Caption-style text data:
==*==
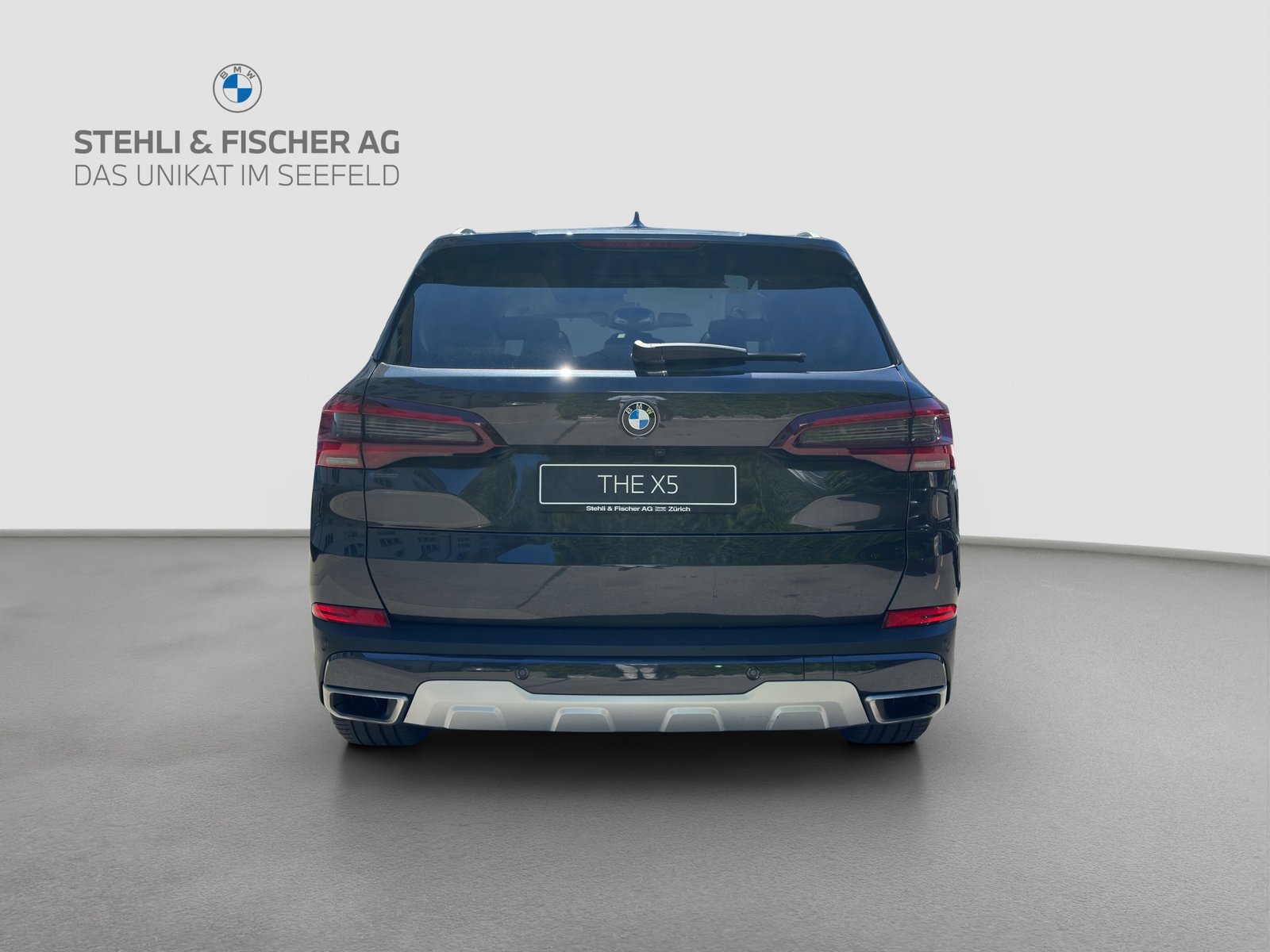 BMW X5 48V 40d xLine Steptronic, Hybride Léger Diesel/Électricité, Occasion / Utilisé, Automatique - 4
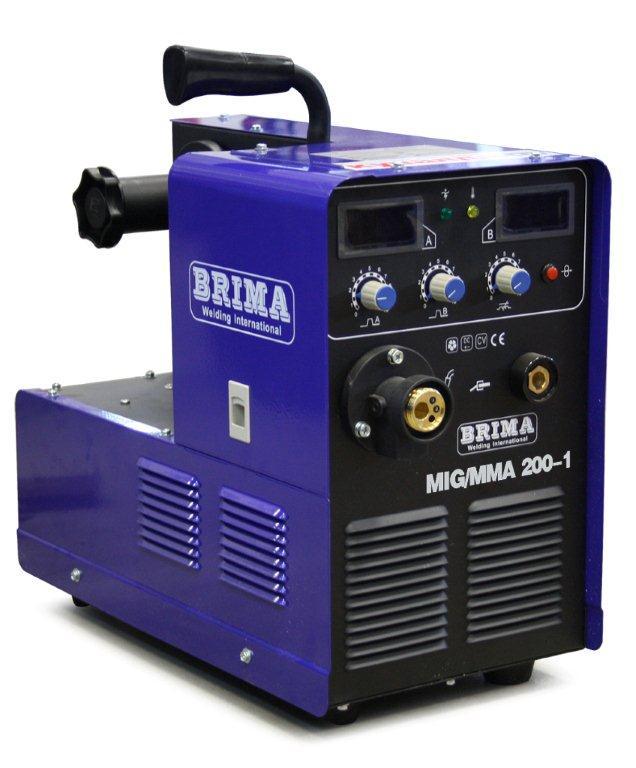 Сварочный полуавтомат Brima MIG/ММА 200-1 0008989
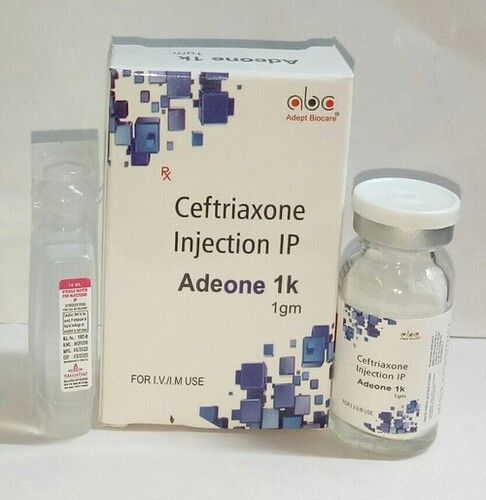 Adeone 1 K Ceftriaxone Injection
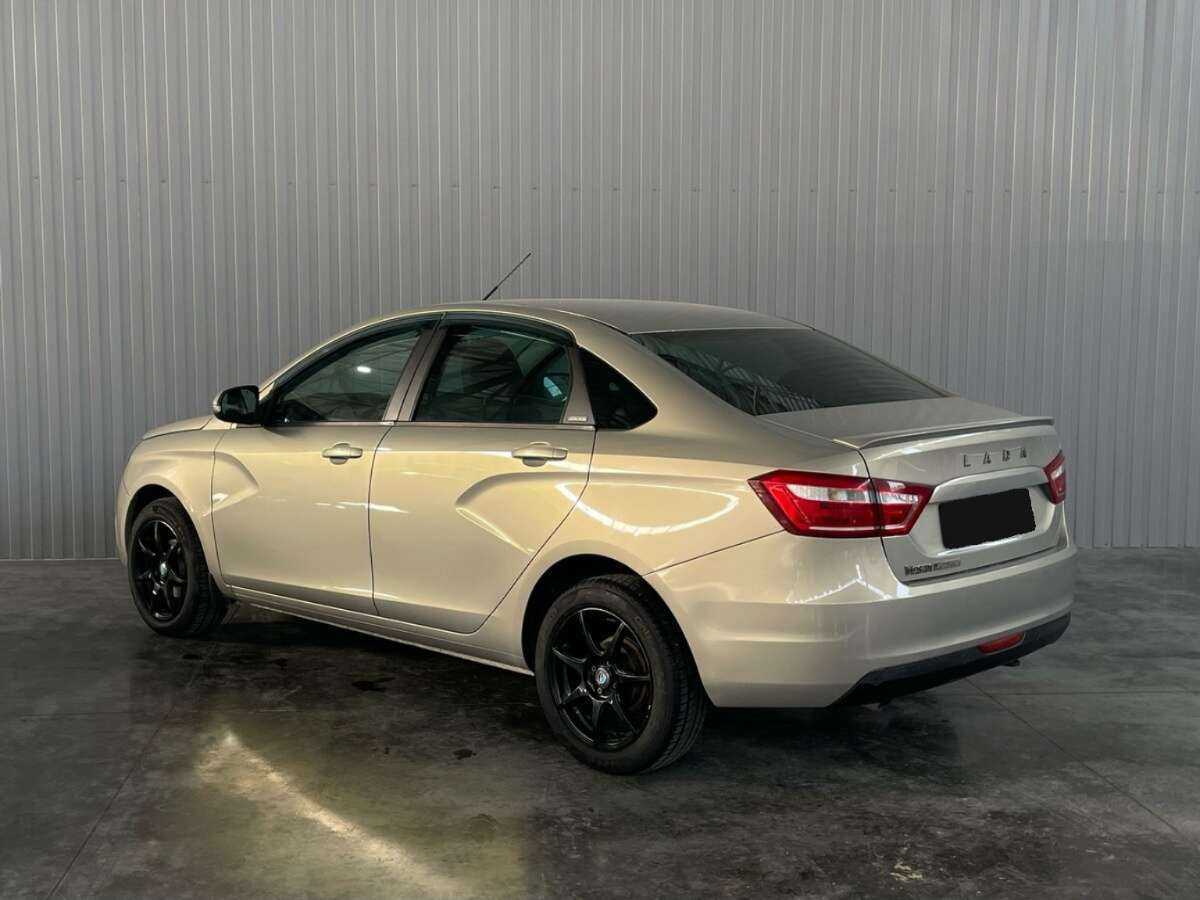Купить Lada (ВАЗ) Vesta, 2017, 136 873 км, фото №7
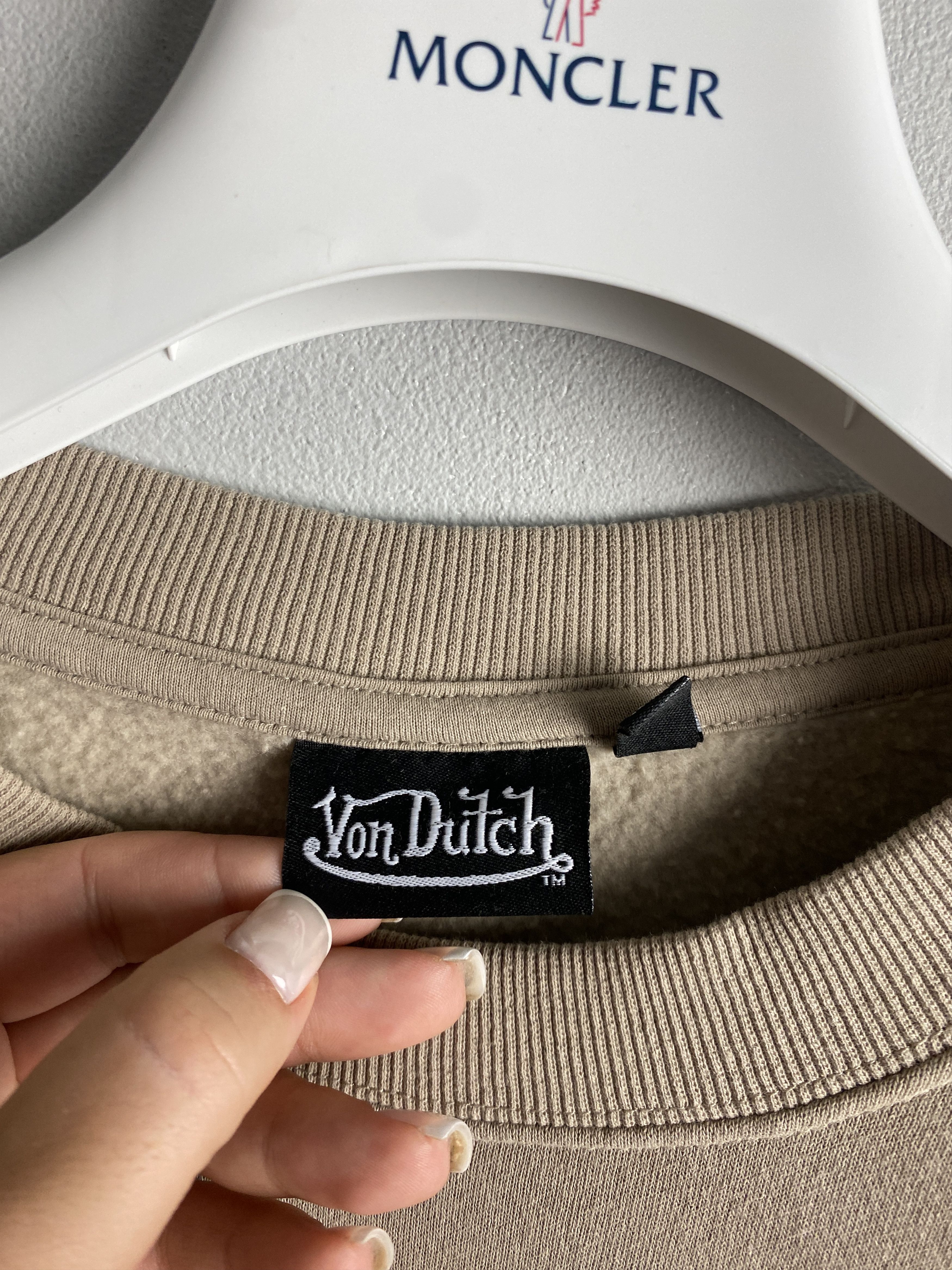 Von Dutch Von Dutch SET sweatpants sweatshirt big logo Size US L / EU 52-54 / 3 - 5 Thumbnail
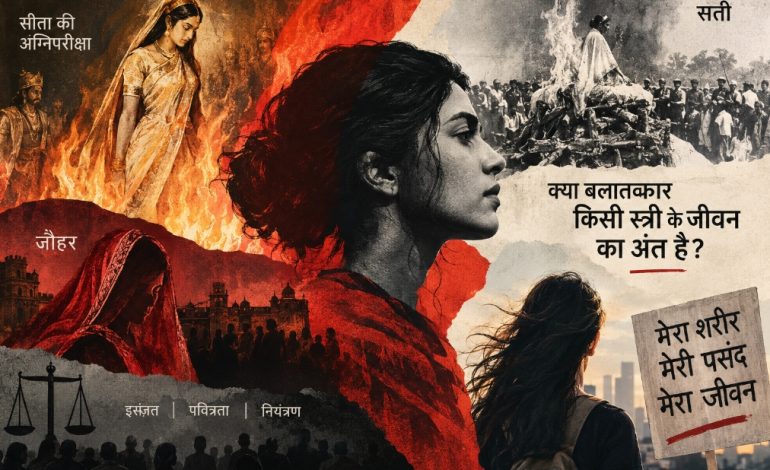 बलात्कार, स्त्री की देह और ‘इज़्ज़त’: जौहर से अग्निपरीक्षा तक पितृसत्ता की कहानी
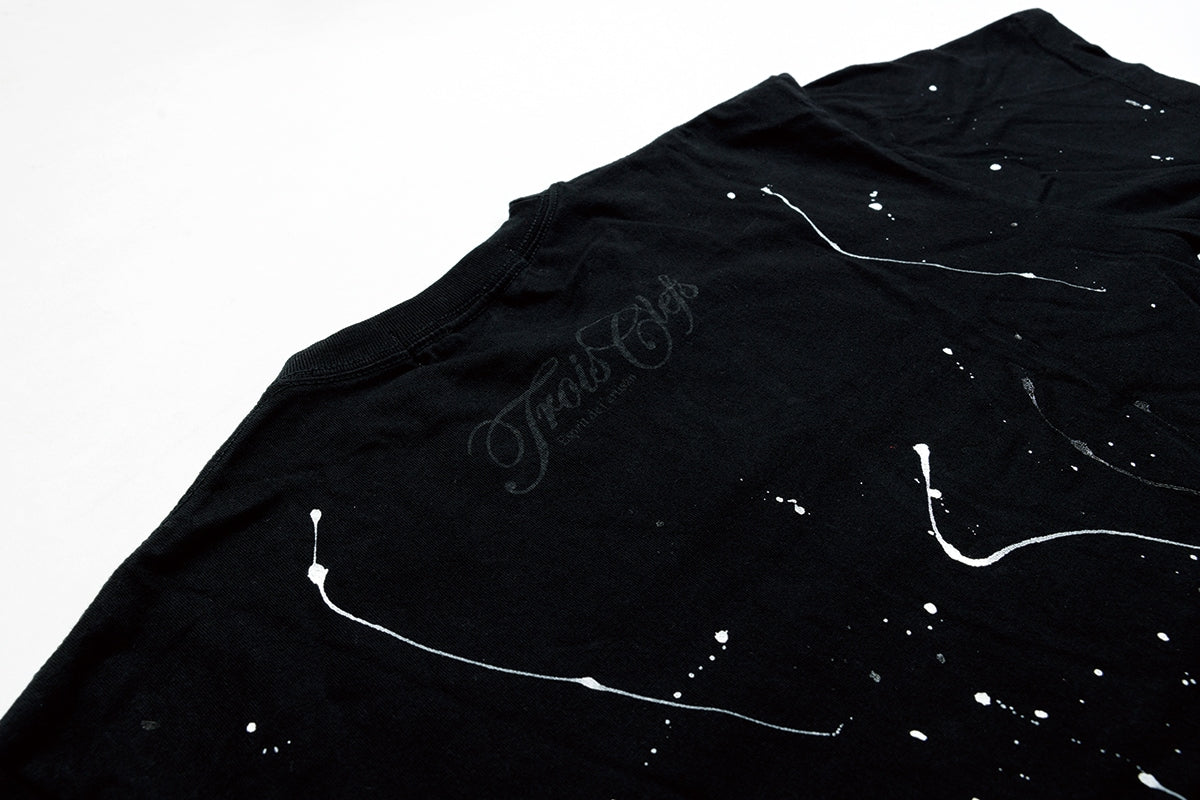 ペイントTシャツ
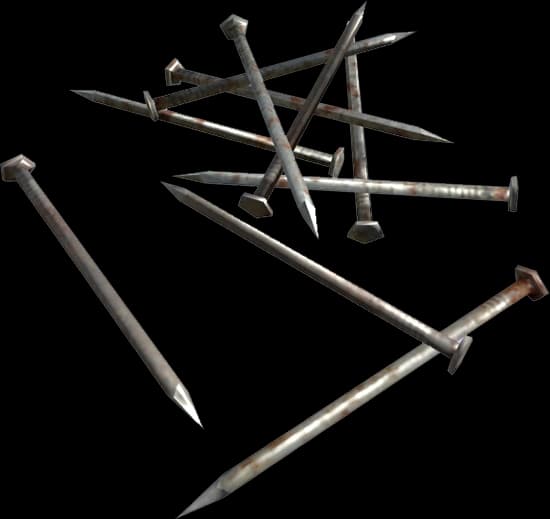 DayZ Nails construction material item image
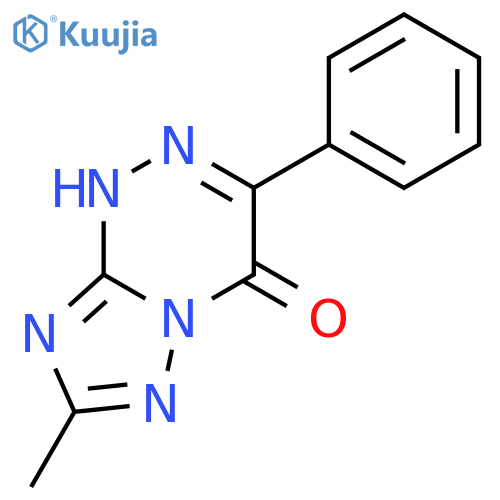 [1,2,4]Triazolo[5,1-c][1,2,4]triazin-4(1H)-one, 7-methyl-3-phenyl- structure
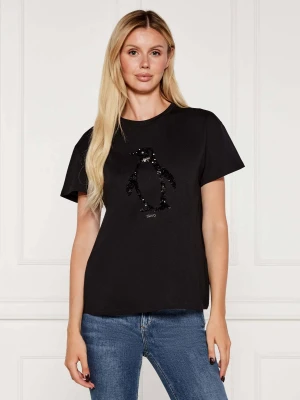 Zdjęcie produktu Liu Jo T-shirt | Regular Fit czarny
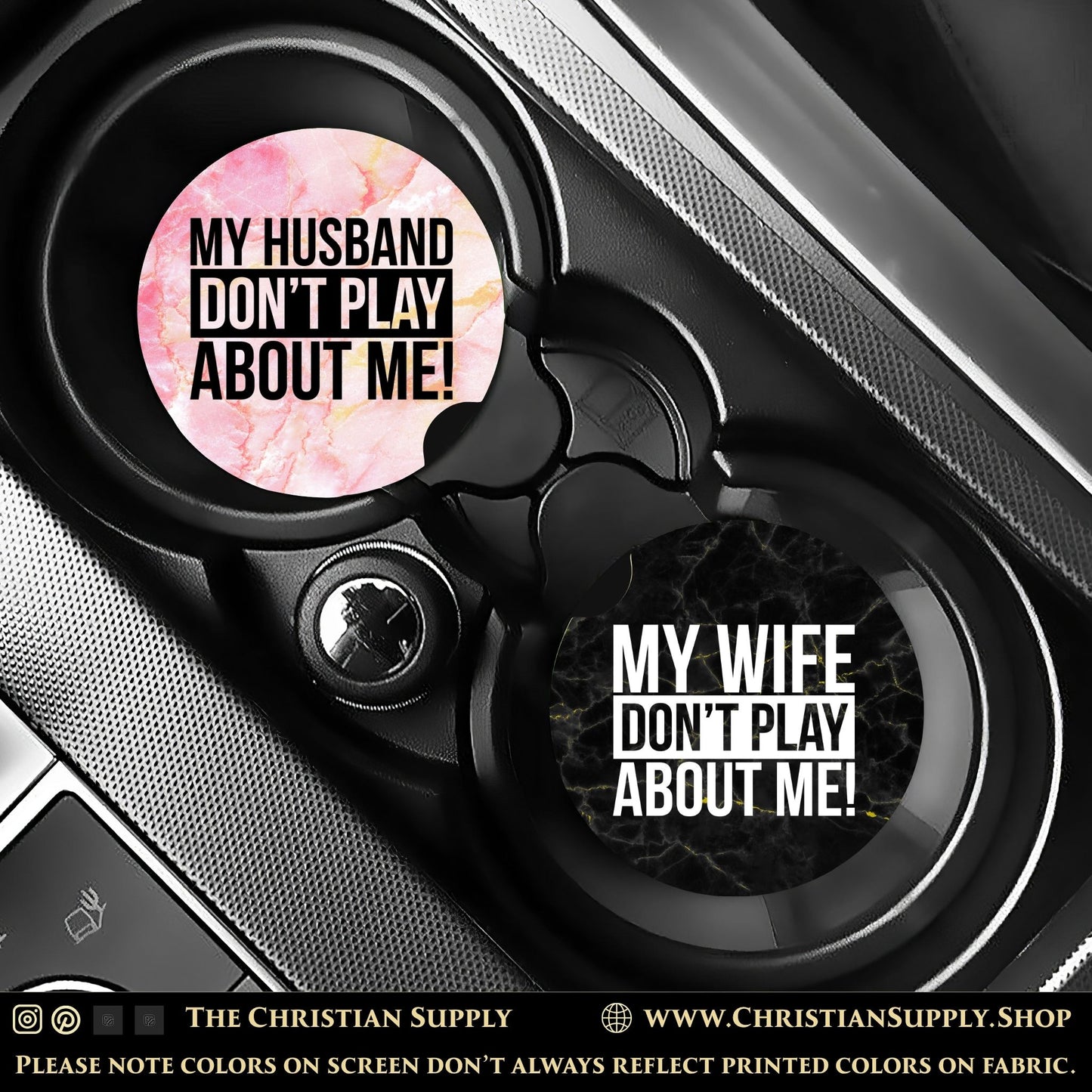 Car Coasters (Set of 20)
==*==
Exercise directions:
Above are records with pictures; repeat them exactly, but without the pictures.

Task result:
 BMW X5 48V 40d xLine Steptronic, Hybride Léger Diesel/Électricité, Occasion / Utilisé, Automatique - 4
 Сварочный полуавтомат Brima MIG/ММА 200-1 0008989
 Adeone 1 K Ceftriaxone Injection
Купить Lada (ВАЗ) Vesta, 2017, 136 873 км, фото №7
 Von Dutch Von Dutch SET sweatpants sweatshirt big logo Size US L / EU 52-54 / 3 - 5 Thumbnail
 बलात्कार, स्त्री की देह और ‘इज़्ज़त’: जौहर से अग्निपरीक्षा तक पितृसत्ता की कहानी
 ペイントTシャツ
 DayZ Nails construction material item image
 [1,2,4]Triazolo[5,1-c][1,2,4]triazin-4(1H)-one, 7-methyl-3-phenyl- structure
 Zdjęcie produktu Liu Jo T-shirt | Regular Fit czarny
 Car Coasters (Set of 20)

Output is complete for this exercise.